My plan this morning was to stay home. As the hours passed, I realised that I needed a few things so I reluctantly went to the local Wal-Mart. I went about my way, mentally trying to remember what I needed to buy. I very seldom make and carry a list of things I need to buy – I often leave them on the table at home or in the passenger seat of the car. Why do I put it on the passenger seat instead of my handbag? I often started to go astern and then something in my head screamed I left my list somewhere in the house. Five flustered minutes later, I get in the car and toss the list on the seat because if I sit around in the car any longer, I might just go back into the house and not go anywhere. Anyway, that is just me, of course.

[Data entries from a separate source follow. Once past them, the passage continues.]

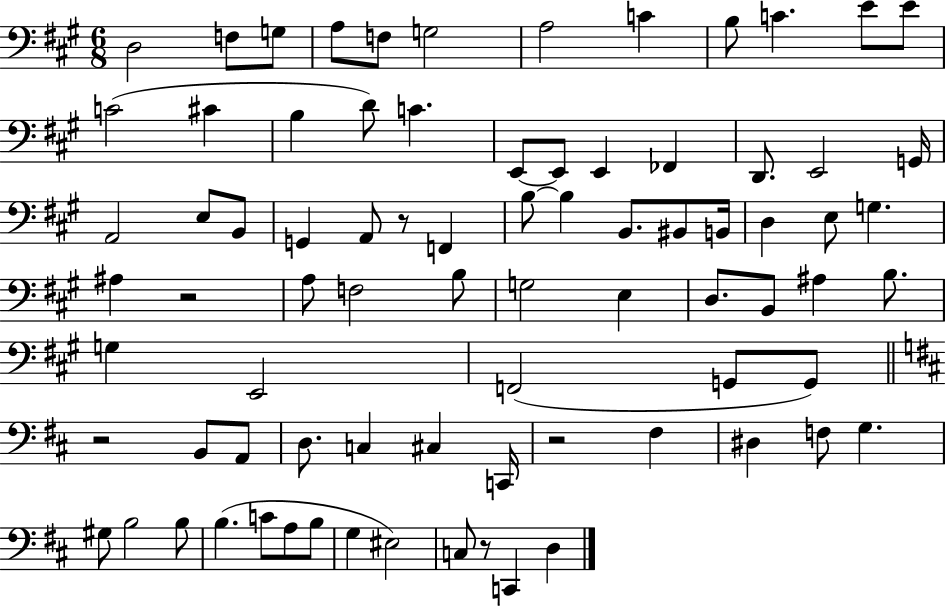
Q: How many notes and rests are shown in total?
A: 80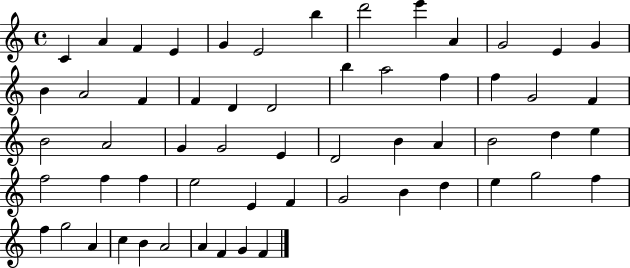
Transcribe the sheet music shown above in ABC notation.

X:1
T:Untitled
M:4/4
L:1/4
K:C
C A F E G E2 b d'2 e' A G2 E G B A2 F F D D2 b a2 f f G2 F B2 A2 G G2 E D2 B A B2 d e f2 f f e2 E F G2 B d e g2 f f g2 A c B A2 A F G F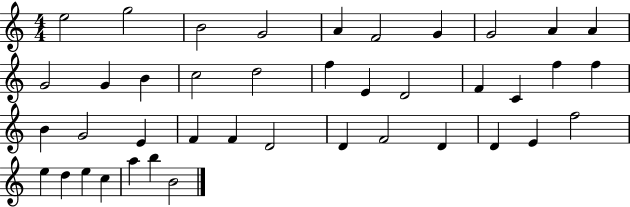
{
  \clef treble
  \numericTimeSignature
  \time 4/4
  \key c \major
  e''2 g''2 | b'2 g'2 | a'4 f'2 g'4 | g'2 a'4 a'4 | \break g'2 g'4 b'4 | c''2 d''2 | f''4 e'4 d'2 | f'4 c'4 f''4 f''4 | \break b'4 g'2 e'4 | f'4 f'4 d'2 | d'4 f'2 d'4 | d'4 e'4 f''2 | \break e''4 d''4 e''4 c''4 | a''4 b''4 b'2 | \bar "|."
}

As I was walking, pushing the trolley in front of me, I scan the surrounding for anyone I might know and need to avoid or aisles that I do not normally give a second thought to but needs to visit . Suddenly, a very large man appeared in my peripheral vision. Nothing outstanding about that – he was pushing an empty trolley like I was. I walked past the ice-cream section and recalled that I had a craving for ice cream for the past week. Normally, if I crave ice cream or anything else for that matter, I wait a few days. If the feeling passes, I do not act on my craving. This time, a week came and went and I could taste vanilla ice cream on my tongue so I had to make a purchase. That large man was right behind me, scanning ice cream as well. I thought nothing of it. I walked briskly to the next aisle and determined I needed nothing from there so I moved on several aisles over. This time, I passed the coffee aisle and paused, hearing my husband’s voice inside my head telling me he bought a few tins of coffee so I continued walking. I stopped walking and made a turn to visit the aisle that had olive oil. I have a few pots of chillies in the garden and I thought I could infuse a small bottle of olive oil so I stood there, searching for that one brand that my husband prefers. As I was staring at the various sizes and brand names, that large man was doing the SAME THING! At this point, I thought, coincidence? I stole a glance into his trolley and saw that it was still empty. I found the EVOO that I was looking for and noticed the regular cooking oil in the next shelf. I grabbed a bottle and moved on. Guess what that large man was doing? Yep. I walked briskly to the opposite end and went to the back of the store by the dairy section. I noticed he was not behind me so I breathed a little easier. Imagine my shock and surprise when I saw him by the dairy, standing there, his cart was STILL EMPTY. So I walked past him and made a detour to the home fragrance section and he was also intently looking at room fragrances. At this point, I took my BlackBerry and sent a message to a friend telling him someone was following me around at Wal-Mart. He replied, do NOT go out. Go to the kitchen department and get a big ass knife!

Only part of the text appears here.